Hal itu disampaikanya setelah hampir satu bulan terakhir mengamati peredaran narkoba yang semakin marak, apalagi pasca terungkapnya penyelundupan narkotika jenis sabu di Kepulauan Riau.
“Indonesia saat ini darurat narkoba, saya mengamati persoalan ini sejak sebulan terakhir, karena sebagai anak muda kami khawatir jika narkoba akan semakin merusak mental, fisik dan masa depan anak-anak muda Indonesia. Kasus penyelundupan narkotika sebanyak 3 ton pada pekan lalu di KEPRI semakin memperkuat bahwa ancaman generasi bangsa kita adalah narkoba,” papar Saddam melalui keterangan tertulisnya, Senin (5/3/2018).

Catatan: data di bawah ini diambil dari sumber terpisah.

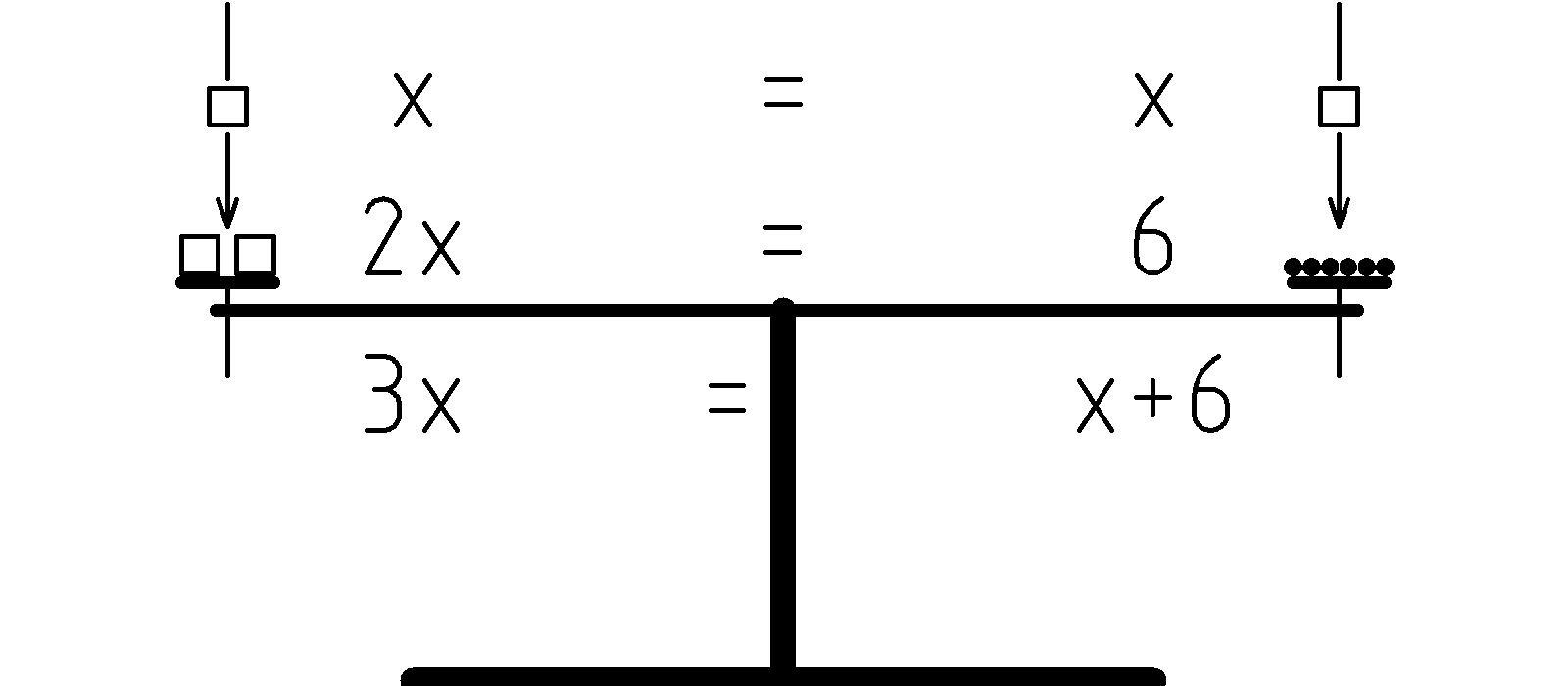 figure EqBalance2.jpg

Menurut Pria asal lampung ini, Narkoba adalah ekstraordinary crime (kejahatan luar biasa) yang harus di lawan dengan instrument hukum yang kuat, agar dapat memberikan efek jera terhadap pecandu, bandar dan pengedar.
“Selama ini kita masih menggunakan UU No 39 tahun 2009 yang didalamnya masih terdapat banyak kekurangan. Pertama, tentang poin penyalahgunaan dan kepemilikan narkotika yang belum jelas, kedua, jenis narkoba yang beredar di Indonesia sudah sangat banyak, namun UU kita belum mengaturnya,” ungkap Saddam.

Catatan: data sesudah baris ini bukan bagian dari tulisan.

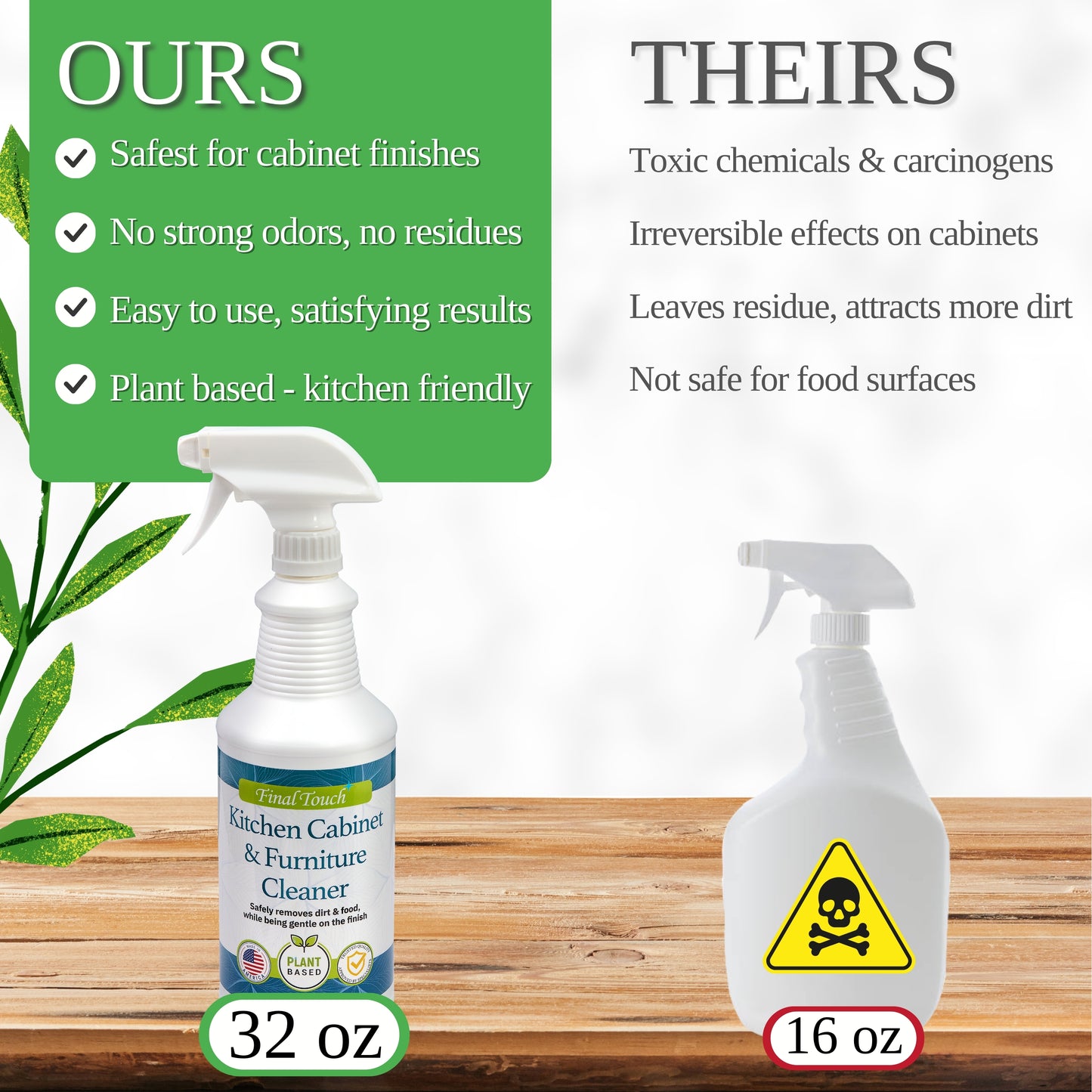 Kitchen Cabinet Cleaner - Case of 6 + FREE Shipping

Berdasarakan laporan dari BNN, sepanjang 2017 ada 46.537 kasus narkoba yang diungkap. Untuk pengguna narkoba sebanyak 1-5 juta dan 600.000-1,2 juta pengguna ada di Jakarta. Laporan Kemenkes pada 2017 menyebut 58.365 orang dijadikan tersangka.
Jika di telisik dari setiap tahunya mengalami kenaikan yang cukup signifikan.
“Jika mengacu pada data BNN yang terungkap pada tahun 2016 terdapat 868 kasus dengan 1.330 tersangka. Jika di bandingkan dengan data tahun 2017 naik cukup drastis. Artinya anak muda Indonesia tersandera oleh barang-barang terlarang ini, “papar Mahasiswa Doktoral Institute Pemerintahan Dalam Negeri ini.
Saddam mengatakan DPR dan Pemerintah harus peka dan bergerak cepat untuk mengatasi persoalan ini. Bila tidak cepat diatasi maka pemuda Indonesia akan kehilangan cita-cita dan masa depan.
"Untuk itu revisi UU No 39 Tahun 2009 adalah suatu kebutuhan yang mendesak untuk menyelamatkan generasi bangsa," tuturnya.